1. "Algorithmic Cinema." Using a script and a system of rules defined by the authors, the software controls the screen layout, the number of windows and their content. The authors can choose to exercise minimal control leaving most choices to the software; alternatively they can specify exactly what the viewer will see in a particular moment in time. Regardless, since the actual editing is performed in real time by the program, the movies can run infinitely without ever exactly repeating the same edits.

2. "Macro-cinema." If a computer user employs windows of different proportions and sizes, why not adopt the similar aesthetics for cinema?

3. "Multimedia cinema." In Soft Cinema, video is used as only one type of representation among others: 2D animation, motion graphics, 3D scenes, diagrams, maps, etc.

4. "Database Cinema." The media elements are selected from a large database to construct a potentially unlimited number of different narrative films, or different versions of the same film. We also approach database as a new representational form in its own right.

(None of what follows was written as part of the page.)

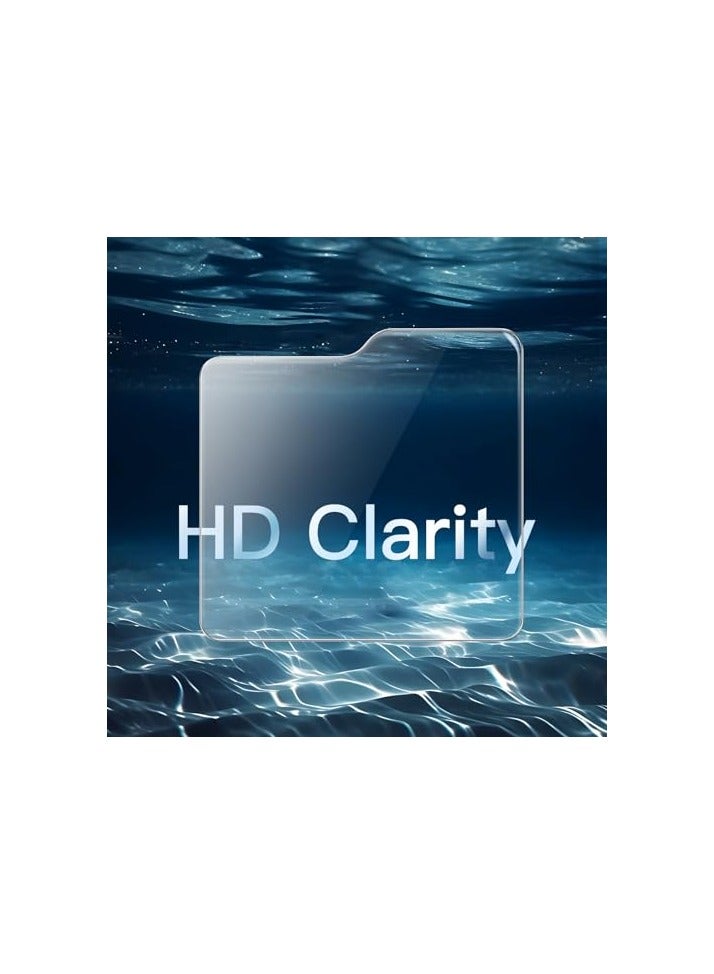 JETech Front Screen Protector for Samsung Galaxy Z Flip 6, Tempered Glass Film with Easy Installation Tool, Case-Friendly, HD Clear, 3-Pack - Image 5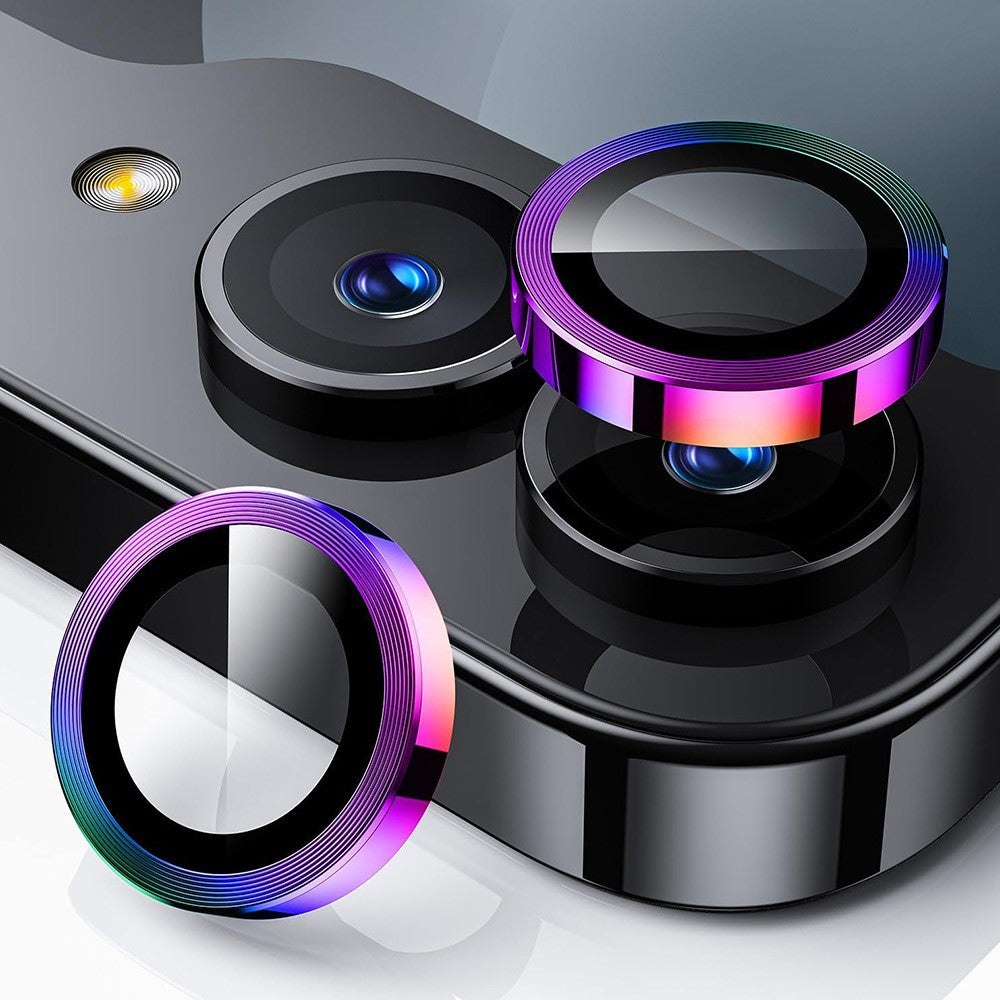 ENKAY HAT PRINCE til Samsung Galaxy Z Flip7 5G, kameralinsebeskyttelse med metalring og linsefilm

Accordingly, we investigate different ways to visualise Soft Cinema databases.

- using principles to generate aesthetics across different media, and in different contexts

- we see some clips from the soft cinema dvd... in particular, a bit about a woman who loves going through auto car washes

- lev seems very much in the russian constructivist tradition. the video he is showing reminds me of jessica helfand's essay, "De Stijl, New Media, and the Lessons of Geometry".

- he now talks about the new journal Version (the website is a series of massive jpegs. blech.)

- now talking info-aesthetics, the relationship between information and form in contemporary society

- 1. you could start with: we don't need radically new forms, software allows us to reconfigure existing media in new ways

- 2. but that's not really satisfactory (missed why)

- 3. how do people in different fields use computers and software to translate information to new forms that humans can receive and comprehend

- get beyond the old media/new media dichotomy; include bits and atoms, design, industrial design, architecture, etc.; see the tension in the translation of information into form and how it's drives aesthetics in the new media landscape.

Q&A
q. the lineage of constructivist, the aesthetic from the earlier 20th century, as opposed to art nouveau -- why is that the dominant layout convention?

a. a key logic driving modernity is the logic of efficiency. 1860-1940, engineer is an expert in efficiency. the aesthetics that emerged (bauhaus, constructivists, etc.) at that time were also driven by efficiency. you can use taylorism to make production efficient. minimum material for maximum effect --> minimalism.
what's the notion of efficiency in information culture.
compares OS 9 and OS X.
in OS 9, the interface is supposed to disappear.
In OS X, the interface itself is aestheticized, a baroque aesthetic experience. It's not longer about efficiency... it's about experience... experience design and other things.
the only way to build big-scale systems is to have lots of processes... that talk to each other... it's not efficient, but the system develops an emergence...

q. if new and old media is the wrong dichotomy, what do we call ourselves? we're the center of "new media."

a. well, we must be practical. around the world "new media" is understood. i'm not saying the dichotomy doesn't make sense, i'm just trying to get beyond it. the most interesting work is not in strictly new media, but where new media intersects other fields, like architecture.

other questions were asked, but it got too esoteric even for me.